Two 18-year-old high-school students from Southern California were arrested after allegedly gaining unauthorized access to the school’s computer network in an effort to change student grades.
The grades of some 120 San Dimas High School students were changed in the grade hack, the school’s principal reported. Some students whose grades were changed during the hack worried their grades may have been altered for the worse. Of those interviewed, many hoped the two hackers grade change did not affect their chances of getting into college.
The pair or San Dimas students were arrested Thursday after officials were tipped off that the two hacked into their school’s computer network to change students grades. They were taken into custody after a complaint was made by the school’s administrator, a Los Angeles County Sheriff’s Department spokesman told NBC.
The two unnamed 18-year-olds were reportedly payed as much as $500 in an effort to change some students grades. The type of grade change, positive or negative, was not commented on.

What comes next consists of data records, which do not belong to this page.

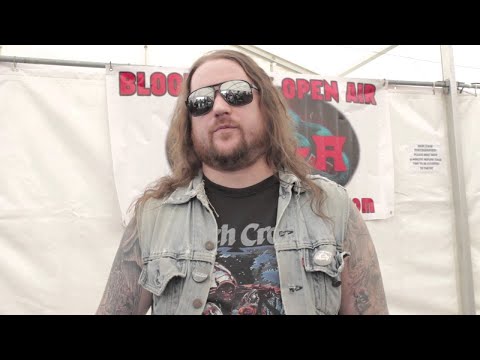 MUNICIPAL WASTE - Nuclear Blast & EQPTV at Bloodstock Festival 2013 (OFFICIAL INTERVIEW)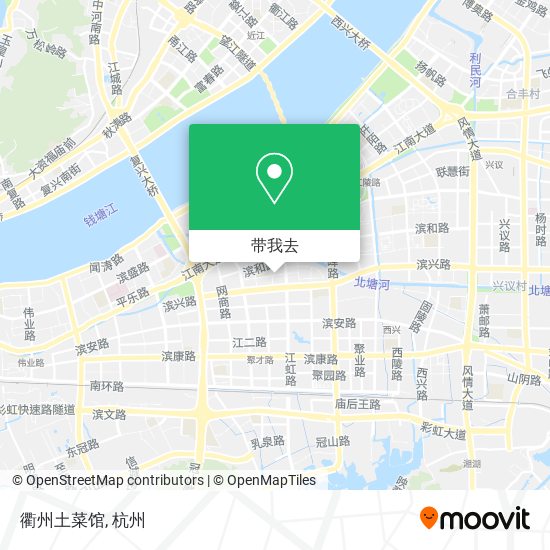 衢州土菜馆地图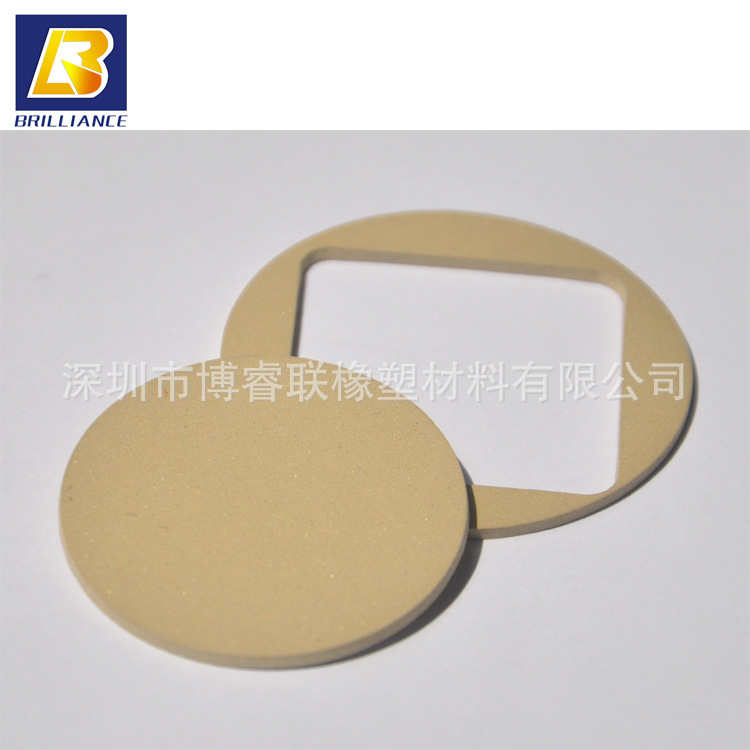厂家直供 特种高导电玻银硅橡胶衬垫片 多尺寸生产 实惠供应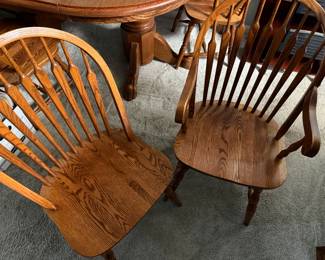 Chair Detail matches Table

Los Angeles Fraud and Cyber Crime Bureau detectives opened an investigation on the students after being informed by a school administrator Thursday, that the students were believed to have gained unauthorized access to secure information on the school network and throughout the school’s website. Students were apprehended just hours after the graduation ceremony had concluded.

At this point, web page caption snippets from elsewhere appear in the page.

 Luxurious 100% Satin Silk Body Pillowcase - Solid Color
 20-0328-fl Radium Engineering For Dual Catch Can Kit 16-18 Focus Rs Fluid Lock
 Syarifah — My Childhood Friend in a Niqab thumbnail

Detectives have arrested the pair of 18-year-old students under charges of unauthorized computer access and fraud. The two will appear before a judge Monday, but til then, they remain in jail.
According to school principal Michael Kelly, roughly 120 students had their letter and percentage grade altered in the hack, but school administrators are “very confident that we have the ability to restore all of the impacted scores,” Kelly wrote in an email to parents.
District officials believe not all affected students willingly participated in the grade change hack. Officials close to the investigation believe hackers may have randomly altered student grades in an effort to “throw off” investigators, presumably creating the illusion that the breach was widespread.
Currently teachers are reviewing students grades by hand to assure accuracy, Kelly said in his email.
One detective close to the investigation said the whole process is just in its initial stages and detectives are working in collaboration with the districts administrator to identify the scope of the breach, but the process could take several weeks or even months.
Affected students interviewed had a variety of opinions, while some worried they may be falsely penalized other believed they will remain unaffected as they did not participate in the grade hack.
The method the two teens used to hack into the school’s network to change their grade was not discussed, but often times educational institutions may not be prepared for the attack, or often times teachers may even serve as the weak link.
The teens will learn of their repercussion early today as they are scheduled to appear before a judge in several hours.